Provided records:
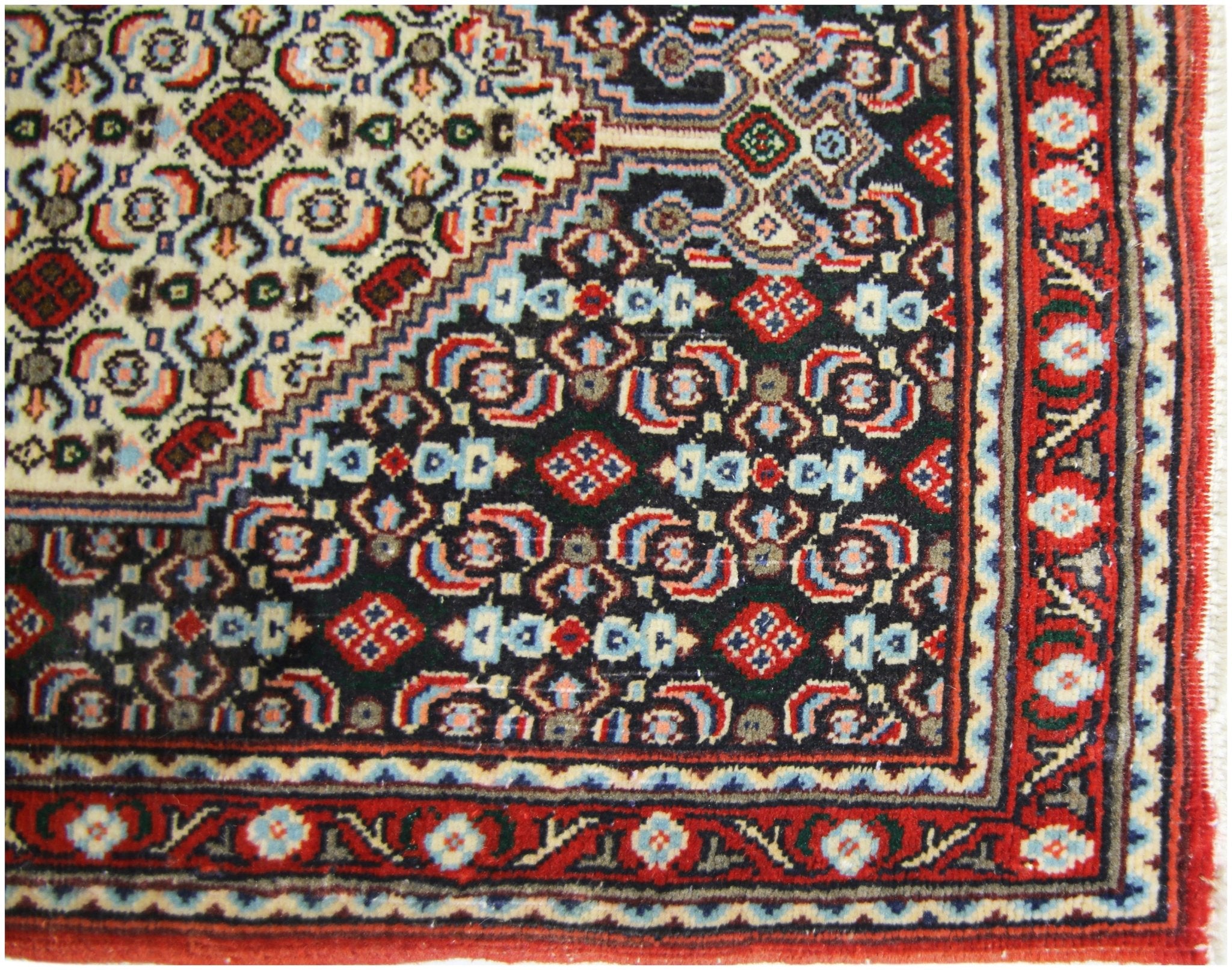 Handmade Vintage Persian Senneh Hallway Runner | 256 x 53 cm | 8'5" x 1'9" - Najaf Rugs & Textile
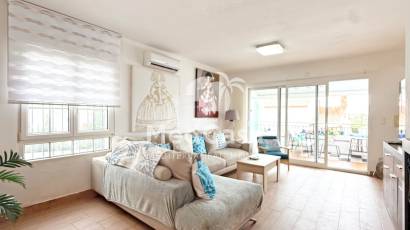 Resale - Villa -
Orihuela Costa - Villamartín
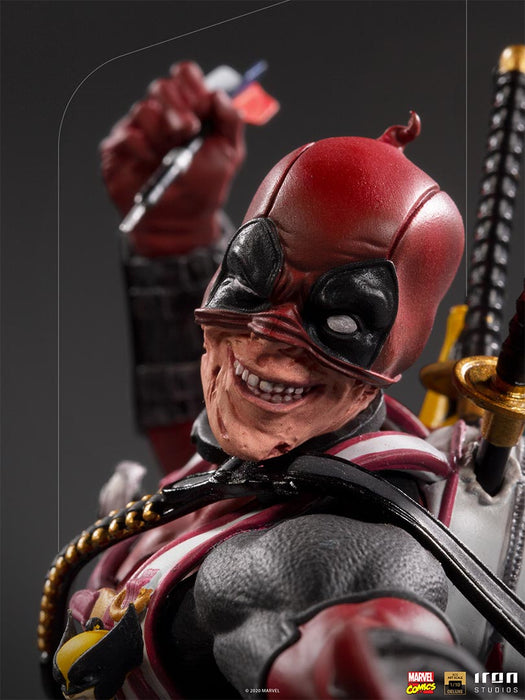 IRON Studios: Marvel X Men - Deadpool Deluxe BDS Escala de Arte 1/10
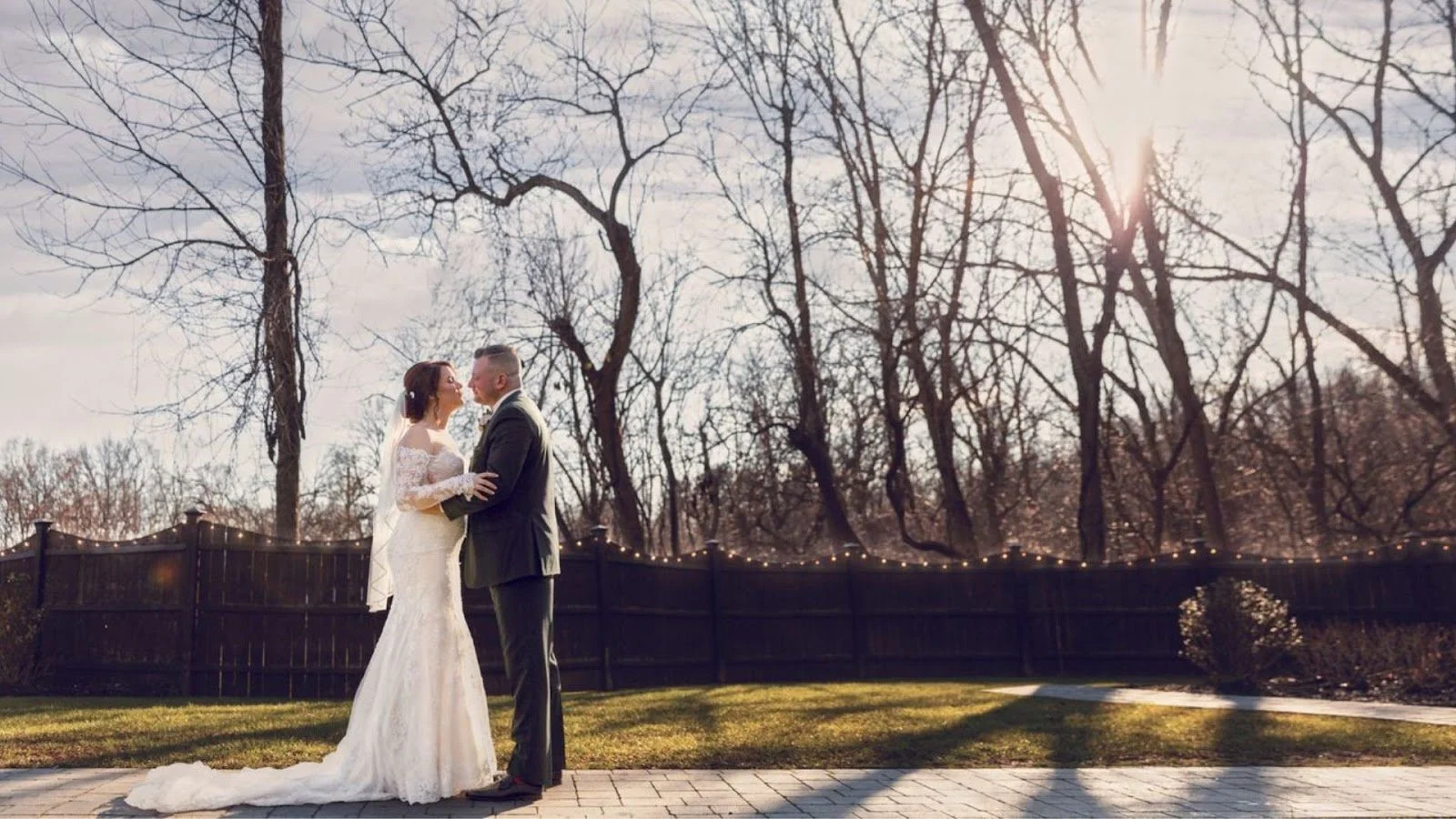 Wedding Party Photos List: Must-Have Group Shots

Task objective: Reproduce all of the data exactly, omitting each picture it holds.

Answer to this problem:
 Handmade Vintage Persian Senneh Hallway Runner | 256 x 53 cm | 8'5" x 1'9" - Najaf Rugs & Textile
 Resale - Villa -
Orihuela Costa - Villamartín
 IRON Studios: Marvel X Men - Deadpool Deluxe BDS Escala de Arte 1/10
 Wedding Party Photos List: Must-Have Group Shots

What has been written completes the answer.